The only plugin that does not bombard you with upgrade options is Wordfence Login Security. If you want to upgrade their security options, you need to use the full Wordfence Login Security plugin.
miniOrange Google Authenticator only supported one user until recently. It’s up to three administrator users at this point. The premium package is important if you use this plugin for various user roles. It also has the most extensive upgrade options for using the plugin.
Two Factor Authentication (from the makers of UpdraftPlus) only provides backup codes and compulsory use of 2FA when you purchase the upgrade.
The WP 2FA plugin premium version adds many features, including authentication options, Whitelabel, trusted devices, technical support, and many other features. Its expansion rivals miniOrange and has a cheaper starting price of $29/year.
If the criteria for comparing these plugins are features and effective security for 2FA, then they would be ranked like this:
- miniOrange Google Authenticator
- WP 2FA
- Two Factor Authentication (from the makers of UpdraftPlus)

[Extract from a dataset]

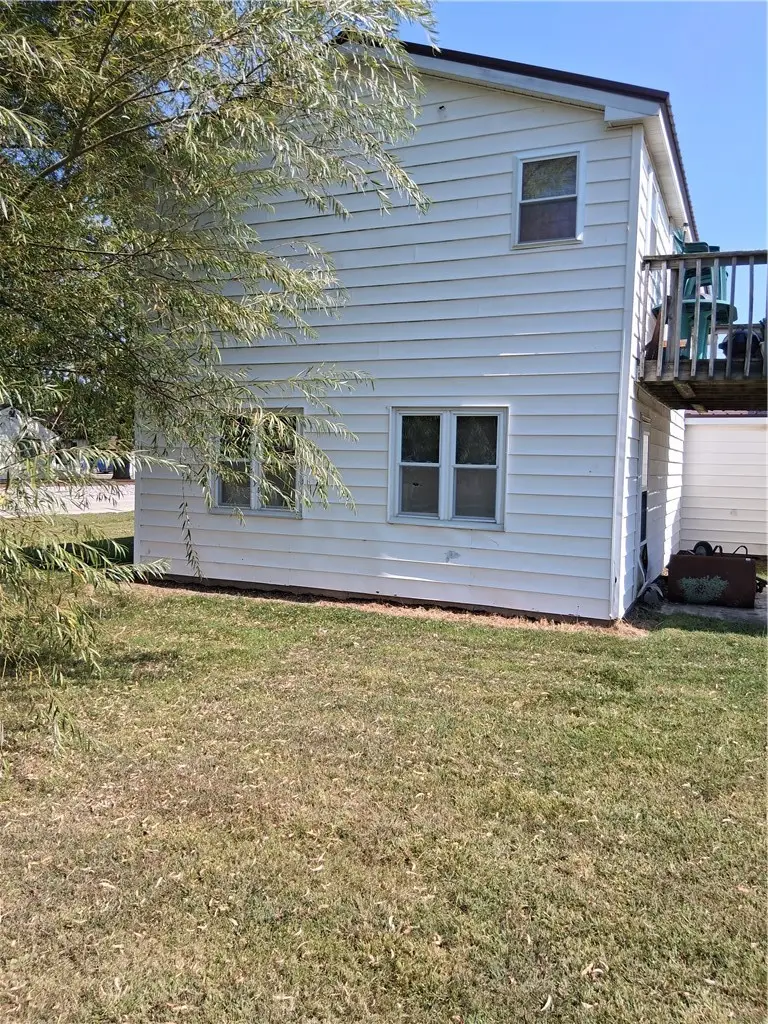 301 Sycamore Street, Newton, IL 62448 - #3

When you compare plugins for WordPress users, it often boils down to a few things: ease of use, feature set, and cost. The benefit of using 2FA will far outweigh the cost, but it’s also very important to choose the solution that works best for you.
If you’re a power user and have a large, complicated WordPress site with many users, then you may want to focus on WP 2FA and miniOrange Google Authenticator. They provide a wide variety of options for authentication that can support your various users. Additionally, they both are easy to configure with wizards for initial setup.

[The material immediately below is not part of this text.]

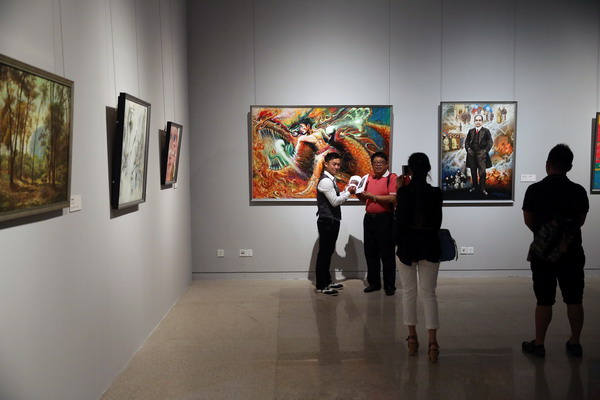 Exhibition honors Macao's return to China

If you’re a simple WordPress user and want a plugin that provides straightforward 2FA use with minimal bells and whistles, then Wordfence may be your choice. It is free and mainly concentrates its features on protecting the WordPress login.
Two Factor Authentication (from the makers of UpdraftPlus) does provide 2FA and many of the features of the other plugins, but you would need to upgrade it to enforce 2FA use. Installing the free version only provides the option to use 2FA. If you’re experimenting with 2FA and plan to gradually improve your site’s functionality, you might consider this plugin, as it is not expensive to upgrade.
This plugin’s premium version has a starting price of $26/year.
These four two-factor authentication plugins for WordPress are all great solutions to provide 2FA. Deciding on the best solution will depend on your type of installation, your users, and your needs for adding 2FA to your WordPress site.